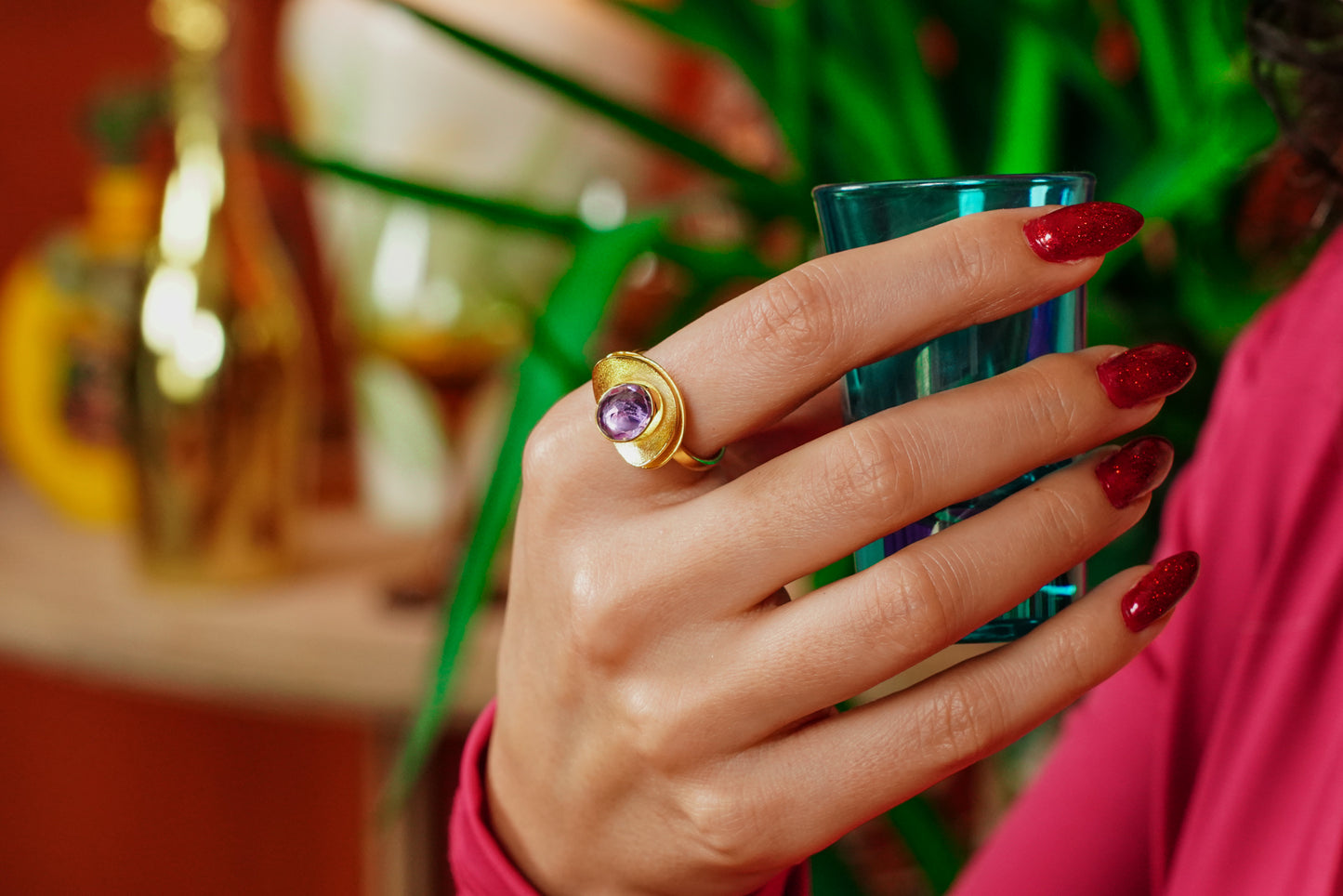Crown of Selene – 18K Gold-Plated Ring with Amethyst Gemstone | Handcrafted Celestial-Inspired Jewelry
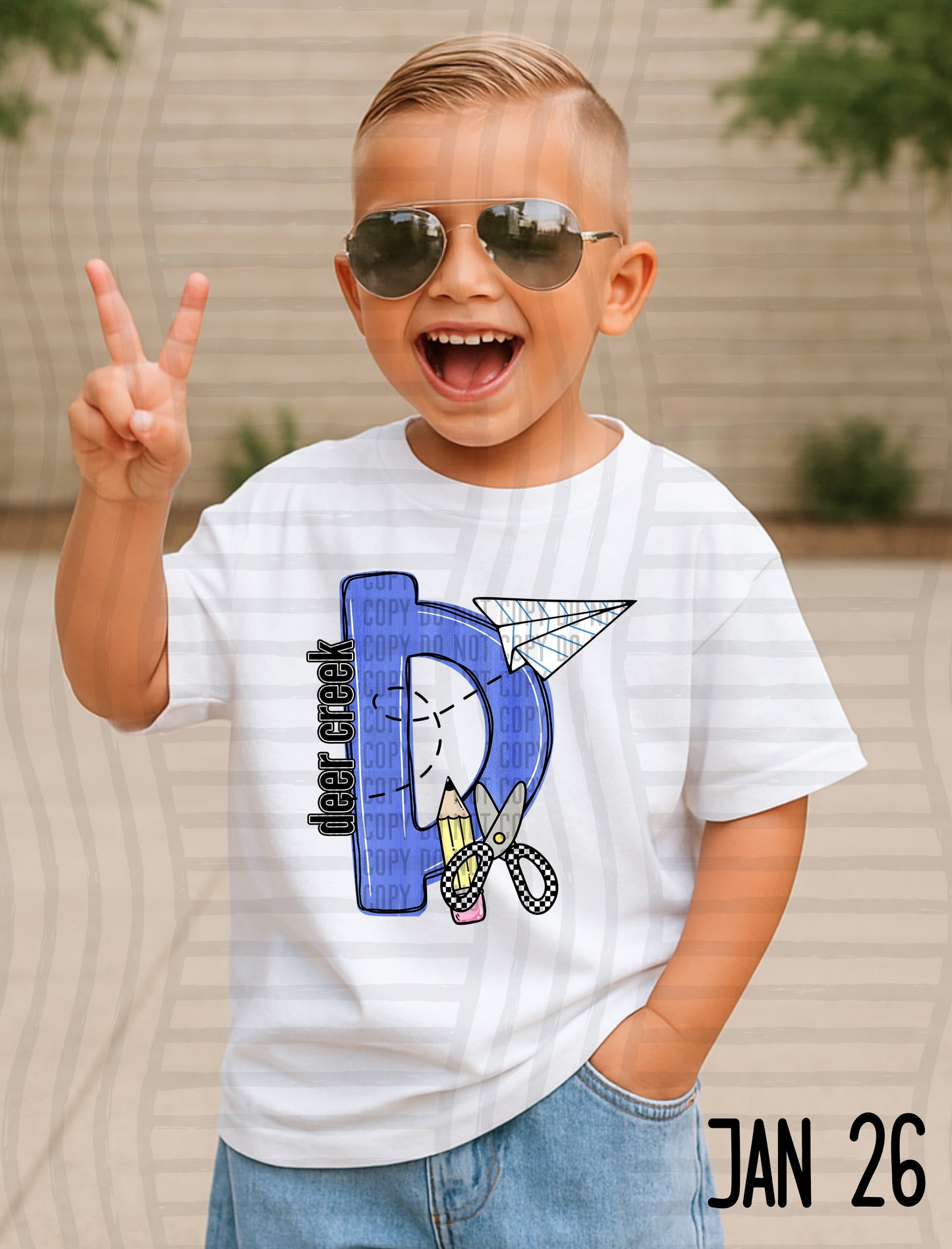 Blue Checks Initials School - Custom + DROPDOWN - 300 DPI digital download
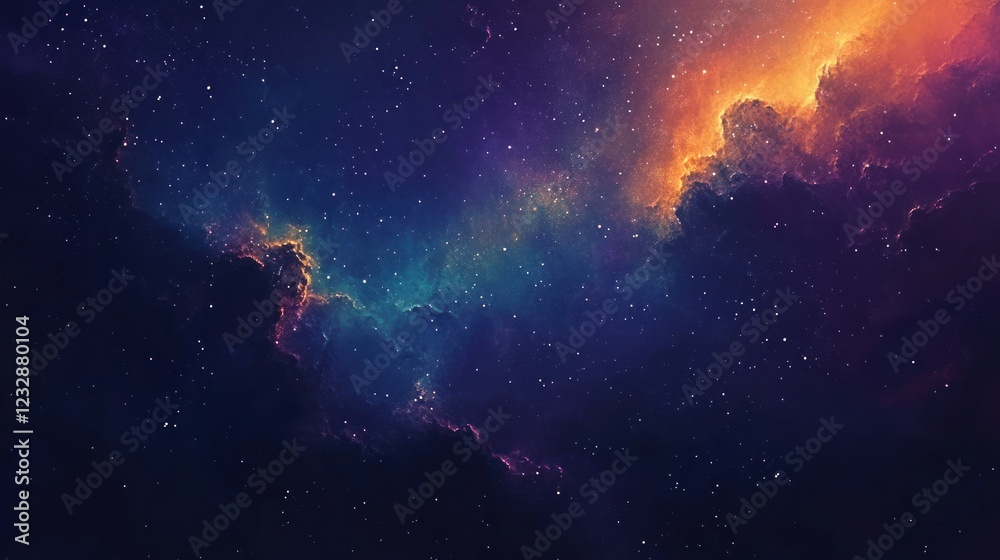 Poster cosmic nebula displaying vivid colors and stars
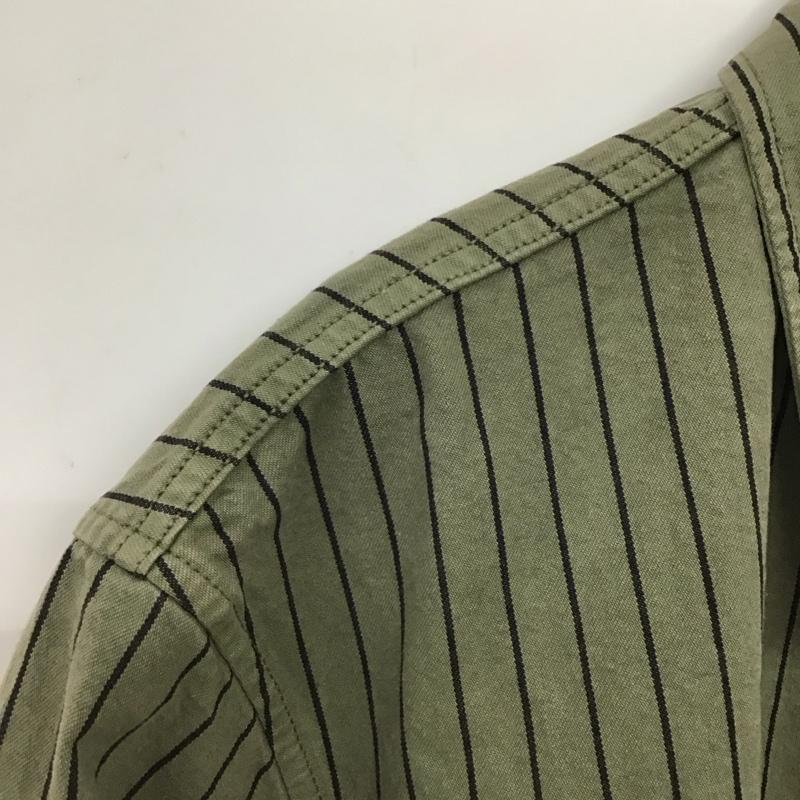 カーハート Carhartt シャツ、ブラウス 半袖 半袖シャツ ストライプシャツ ジップアップカラーシャツ XL ストライプ カーキ / カーキ /  メンズ USED 古着 中古 10133686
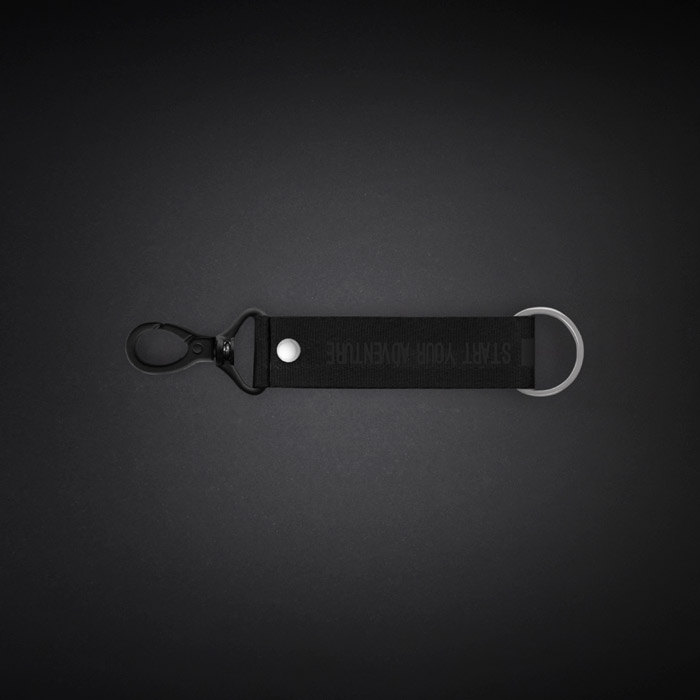 Small Black Text Line Lanyard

◇ ◇ ◇ ◇ ◇ ◇ ◇

- **WHAT THE EXERCISE ASKS**: Down to the last line, return the entries above exactly, with no pictures.

- **RESULT OF THIS TASK**:
Crown of Selene – 18K Gold-Plated Ring with Amethyst Gemstone | Handcrafted Celestial-Inspired Jewelry
 Blue Checks Initials School - Custom + DROPDOWN - 300 DPI digital download
 Poster cosmic nebula displaying vivid colors and stars
 カーハート Carhartt シャツ、ブラウス 半袖 半袖シャツ ストライプシャツ ジップアップカラーシャツ XL ストライプ カーキ / カーキ /  メンズ USED 古着 中古 10133686
 Small Black Text Line Lanyard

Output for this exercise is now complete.